# sonic the hedgehog model horse



## sonichedghehogbreyer (Jul 23, 2013)

I recently had a CM (Custom Model) horse done. I forgot to tell the artist that I want the horse to _look_ like Sonic the hedgehog, but she did this instead, which I think is even better. Let me know what you think. I am sure that the artist would love to hear your input.


----------



## Sonics1AndOnlyGirl (May 25, 2013)

Awesomest horse ever! Any thing with Sonic on it is awesome.


----------



## sonichedghehogbreyer (Jul 23, 2013)

Sonics1AndOnlyGirl said:


> Awesomest horse ever! Any thing with Sonic on it is awesome.


i know, right? May Sonic the hedgehog video games be made FOREVER!


----------



## Sonics1AndOnlyGirl (May 25, 2013)

sonichedghehogbreyer said:


> i know, right? May Sonic the hedgehog video games be made FOREVER!


Totally agree. Btw are you going to Sonic Boom? I am.


----------



## sonichedghehogbreyer (Jul 23, 2013)

Sonics1AndOnlyGirl said:


> Totally agree. Btw are you going to Sonic Boom? I am.


I wish I could go. Maybe next year. If they still hold it next year.


----------



## Sonics1AndOnlyGirl (May 25, 2013)

I'm sure they'll have it next year, they'd disappoint too many fans. This is my first time going and I'll be sure to post some pictures here when I get back.


----------



## sonichedghehogbreyer (Jul 23, 2013)

Oh. Thanks. I would like to see them.


----------



## sonichedghehogbreyer (Jul 23, 2013)

Even the wallpaper on my computer is picture of Sonic.


----------



## Sonics1AndOnlyGirl (May 25, 2013)

sonichedghehogbreyer said:


> Even the wallpaper on my computer is picture of Sonic.

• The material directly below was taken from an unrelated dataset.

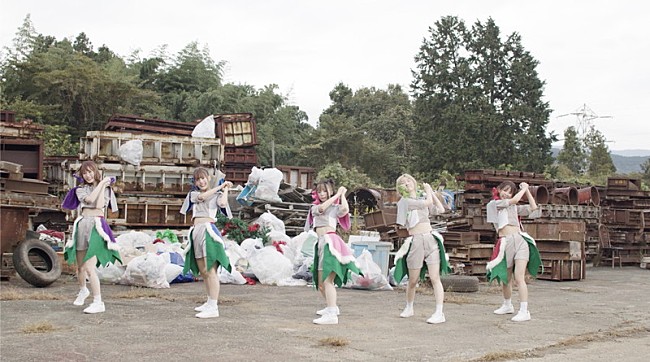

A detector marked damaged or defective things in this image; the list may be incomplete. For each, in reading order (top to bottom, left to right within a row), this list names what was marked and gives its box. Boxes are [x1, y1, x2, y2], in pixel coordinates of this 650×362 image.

My whole room is Sonic. Plushies, action figures, games, blanket, pillow, comics, backpacks, hats, enough shirts to last 2 weeks, and pajamas. Plus I can draw him pretty well. I'm a hardcore Sonic fan. Been one for 6 years.


----------



## sonichedghehogbreyer (Jul 23, 2013)

I started liking Sonic back when my dad played his Sega Genesis. Back then, I called him 'blue guy.' 

I forgot about 'blue guy' until my parents got an nintendo gamecube and a Sonic game for it (I think this was before the Wii came out.) I played that all the time and before anyone knew it, I was a Sonic fan once again.


----------



## Sonics1AndOnlyGirl (May 25, 2013)

I got into Sonic because a friend of mine bought me a DVD of Sonic X. Never heard of that show so I watched it and I loved it. Then I found out Sonic was also a video game. So it become my obsession. LOL I'm glad I found someone on here who likes Sonic as much as I do!


----------



## sonichedghehogbreyer (Jul 23, 2013)

Sonics1AndOnlyGirl said:


> I got into Sonic because a friend of mine bought me a DVD of Sonic X. Never heard of that show so I watched it and I loved it. Then I found out Sonic was also a video game. So it become my obsession. LOL I'm glad I found someone on here who likes Sonic as much as I do!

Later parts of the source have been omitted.